The more corrosive divide, though, comes from Milele’s vocal support for the previous chief, LeRonne Armstrong, who was fired by Oakland Mayor Sheng Thao in February over a misconduct scandal involving the cover-up of an officer’s hit-and-run collision.
On multiple occasions, Milele has echoed an argument Armstrong has repeatedly presented in public: that he was unduly targeted by Robert Warshaw, a federal monitor appointed to oversee the Oakland police’s affairs.
“Oaklanders are starting to piece together the big picture, because all this artificial chaos is confusing them,” Milele read from her statement on Thursday. “Why do scandals always appear when OPD gets close to exiting (federal oversight)? Ten chiefs in ten years?”

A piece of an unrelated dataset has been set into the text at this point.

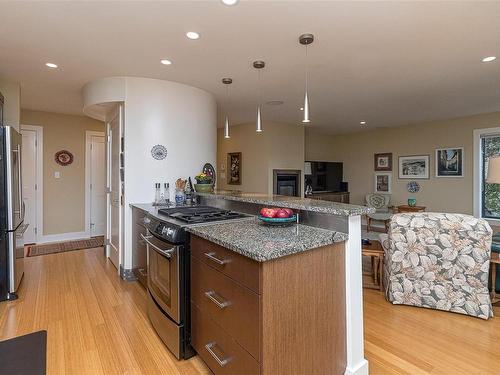 205 St. Andrews St, Victoria, BC - Indoor Photo Showing Kitchen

The implication is that Warshaw wants to continue making $1 million annually from Oakland’s coffers, though the claim has been dismissed as a baseless conspiracy theory by those involved with the legal settlement that first brought OPD under federal oversight 20 years ago.

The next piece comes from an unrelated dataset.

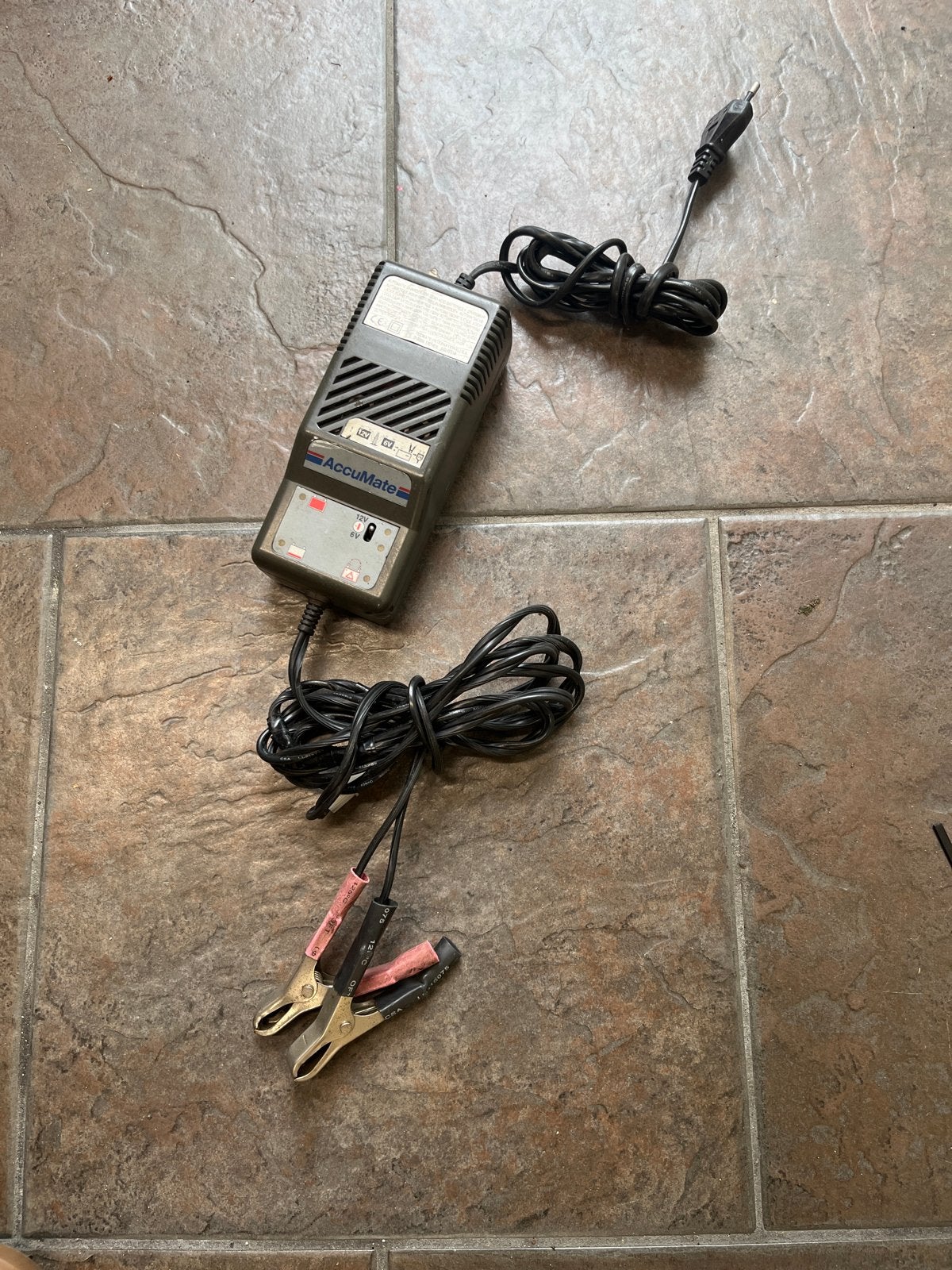AccuMate 6V/12V druppel/Acculader voor Auto en Motor, Ophalen of Verzenden, Gebruikt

When Milele again advanced this theory on Thursday, it appeared to be the last straw for another commissioner, Karely Ordaz, who urged the chair to cut the monologue short and allow the meeting to begin.

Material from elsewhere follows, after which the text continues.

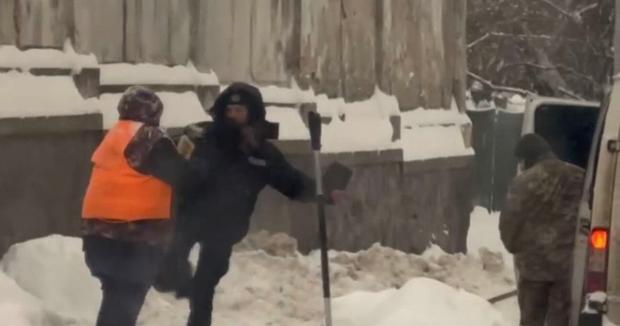 У Львові поліцейська “з ноги” напала на жінку, яка прибирала сніг, літня пані відреагувала (відео)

The proceedings remained testy afterward, even as the commission hired the Brett Byers Group — a Black-led firm based in Southern California — to conduct the search for a new police chief.
Since its formation in 2016, the commission has held more power than most other entities of its kind in the country, with voters overwhelmingly handing it power to both fire the police chief and present the mayor with final candidates to fill the job.
As a show of full independence, the commission is comprised entirely of volunteers who are Oakland residents.
The selection panel for commissioners is headed by Jim Chanin, an attorney who represented victims in the infamous Riders brutality cases that brought OPD under federal oversight.
“I really don’t like the way they bicker with each other,” Chanin said of the commissioners in an interview. “I was on the police review board 50 years ago in Berkeley, I’ve lived in Oakland 43 years, and we obviously had disagreements — but you can disagree without being disagreeable.”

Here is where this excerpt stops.